While you’ll find potatoes in Vindaloos at many Indian restaurants worldwide, Vindaloo purists will argue that the dish shouldn’t have potatoes; what’s interesting is that the original Portuguese dish does indeed feature potatoes. So they were lost at some point, only to find their way back again. The Indian dish does stray from its source, though: Carne de Vinha D’Alhos is usually made with pork, and the Vindaloos you’ll find in Indian restaurants is most often made with lamb. Likewise, the Indian dish is moderately spicy, unlike its Portuguese counterpart. For this recipe, I kept the heat fairly mild; to spice it up, simply add more chili powder.
After such a warm reception to my pressure-cooker Instant Stew recipe from a couple weeks ago, I decided to make this dish using my Instant Pot electric pressure cooker as well. For those of you without a pressure cooker, fear not: stovetop instructions are included. At its essence, the recipes are the same; the pressure cooker just cuts down the cooking time considerably.
Toasting the mustard and cumin seeds will give this dish an authentic taste.
1/2 tsp cumin seeds
1/2 tsp black mustard seeds (yellow mustard seeds okay)
1/2 onion, cut into quarters
4 cloves garlic
1″ ginger, peeled and sliced
2 tbsp apple cider vinegar
1 tbsp olive oil
1/2 tsp ground cinnamon
1/2 tsp salt
1/4 tsp ground cloves
3 lbs lamb shoulder, cut into chunks
2 cups chicken broth
2 bay leaves
1 green cardamom pod
1 tsp paprika
1 tsp kashmiri red chili powder (cayenne pepper okay)
1 tsp ground coriander
1/2 tsp ground turmeric
1/2 tsp white pepper
2 tbsp ghee
1 lb waxy potatoes (red, yukon, etc), quartered
1 handful cilantro, chopped
1. In a small pan, toast the cumin and mustard seeds over medium heat until aromatic, about 2 minutes. Combine the seeds with the remaining marinade ingredients (minus the lamb!) and blend until smooth (I use our Magic Bullet). Combine the lamb and marinade and transfer to a resealable plastic bag; marinate for at least 2 hours but up to overnight.
2. Drain the lamb in a colander, catching the marinade as it falls. Combine the extra marinade with the curry sauce ingredients and set aside.

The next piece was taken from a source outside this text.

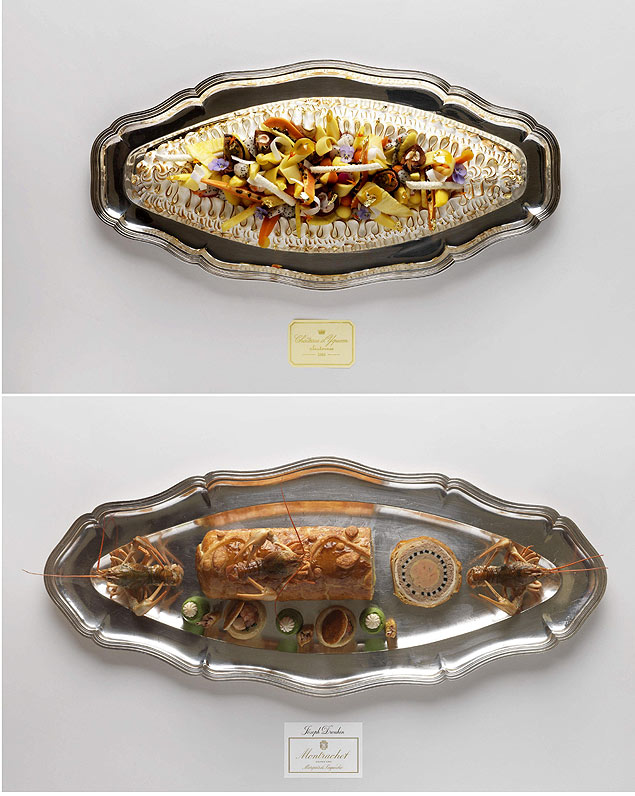 Imagem da sobremesa, uma omelete norueguesa (em cima), e de um dos pratos principais do menu de R$ 3.886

3. Electric pressure cooker instructions: Set the pressure cooker to “Sauté” and add the ghee; once melted and shimmering (about 2 minutes), add half of the lamb pieces. Sauté until browned, about 6 minutes, turning halfway through cooking. Remove the lamb and cook the other batch in the same manner, then set aside with the other half of the lamb. Add the marinade/curry sauce mixture to the pot and bring to a simmer; stir in the potatoes and lamb, cover, and set to “Meat/Stew” (high pressure) for 20 minutes. Once finished, allow the pressure cooker to depressurize (about 15 minutes) then remove the lid. Gently remove the lamb and potatoes and set aside; set the pressure cooker to “Sauté” again and bring to a boil; reduce the liquid by half. Return the lamb and potatoes to the curry and stir in the cilantro, then serve.

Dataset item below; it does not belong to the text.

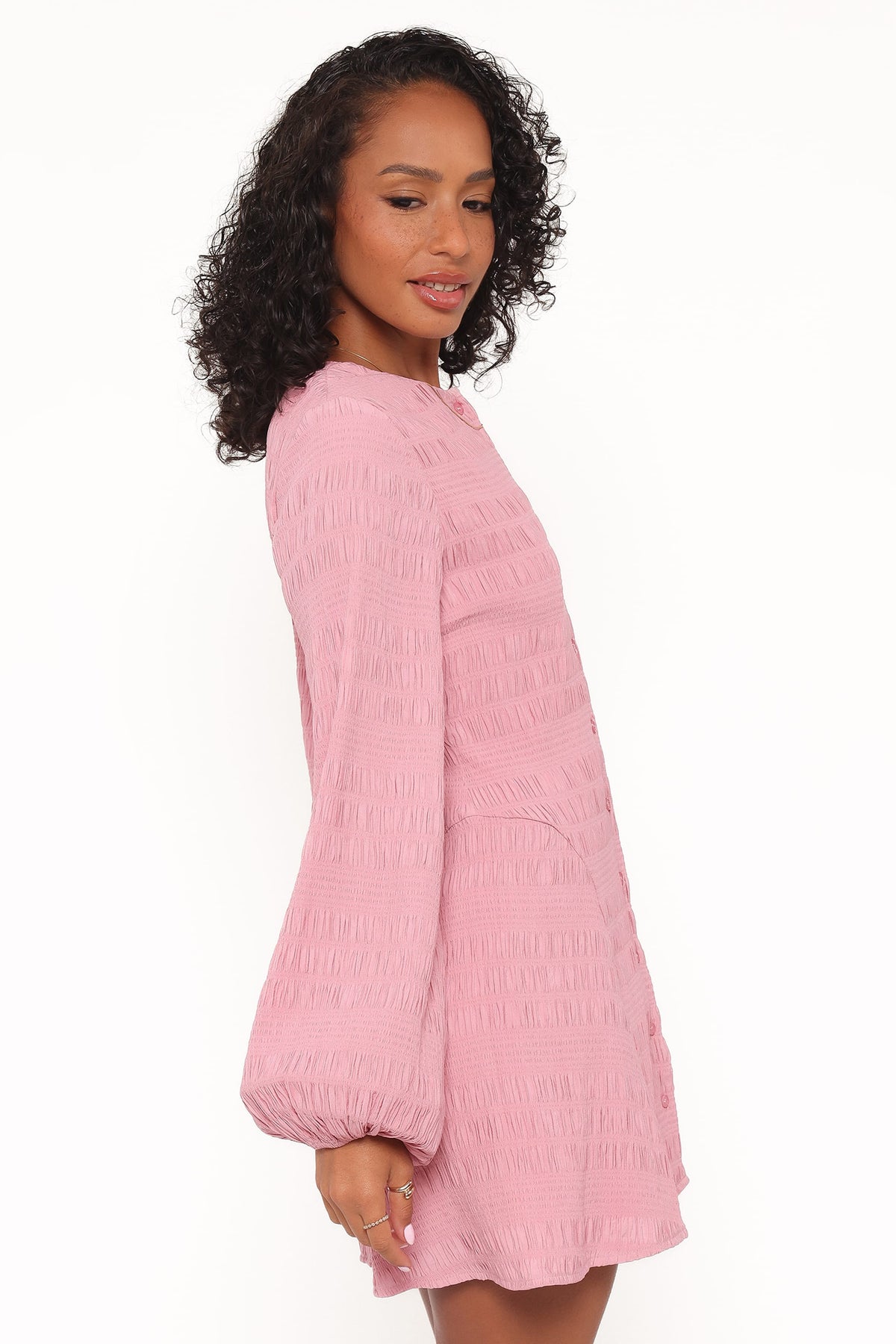 Amaya Long Sleeve Mini Dress in Pink – view 3 of 6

4. Stovetop instructions: In a dutch oven, warm the ghee over medium/high heat until shimmering, about 2 minutes. Add the lamb, in batches if needed, and sauté until browned, about 6 minutes per batch. Set the lamb aside and reduce heat to medium. Add the marinade/curry sauce mixture to the pot and bring to a simmer; stir in the lamb. Cover and reduce heat to low, and simmer until just tender, 1-2 hours, then add the potatoes and simmer for another 30 minutes. Gently remove the lamb and potatoes and set aside; increase heat to medium and bring to a boil; reduce the liquid by half. Return the lamb and potatoes to the curry and stir in the cilantro, then serve.
The shoulder chops I used for this recipe had bones in them; I added the bony chunks to the pressure cooker and easily picked the meat off when done cooking. It’s a win-win, since the bones added a greater depth of flavor along the way.